In the data below, reproduce everything exactly except the images.

## DATASET EXTRACT
·····

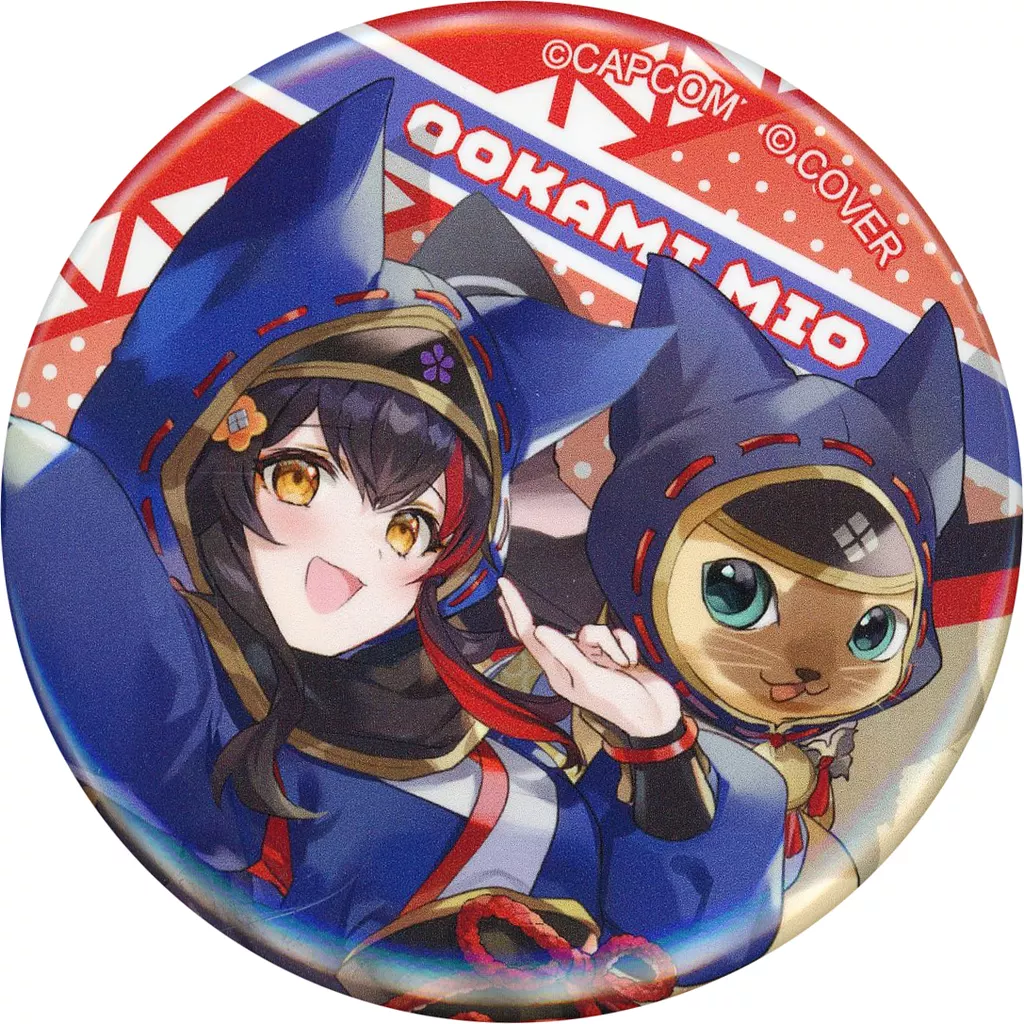 Ookami Mio - Monster Hunter x Hololive - Badge - hololive
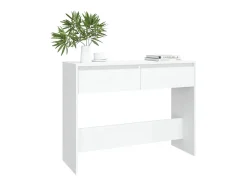 Mesa consola madera de ingeniería blanca 100x35x76,5 cm ES897616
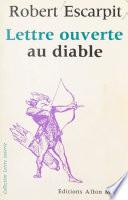Lettre ouverte au diable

·····

## WRITTEN SOLUTION
 Ookami Mio - Monster Hunter x Hololive - Badge - hololive
 Mesa consola madera de ingeniería blanca 100x35x76,5 cm ES897616
Lettre ouverte au diable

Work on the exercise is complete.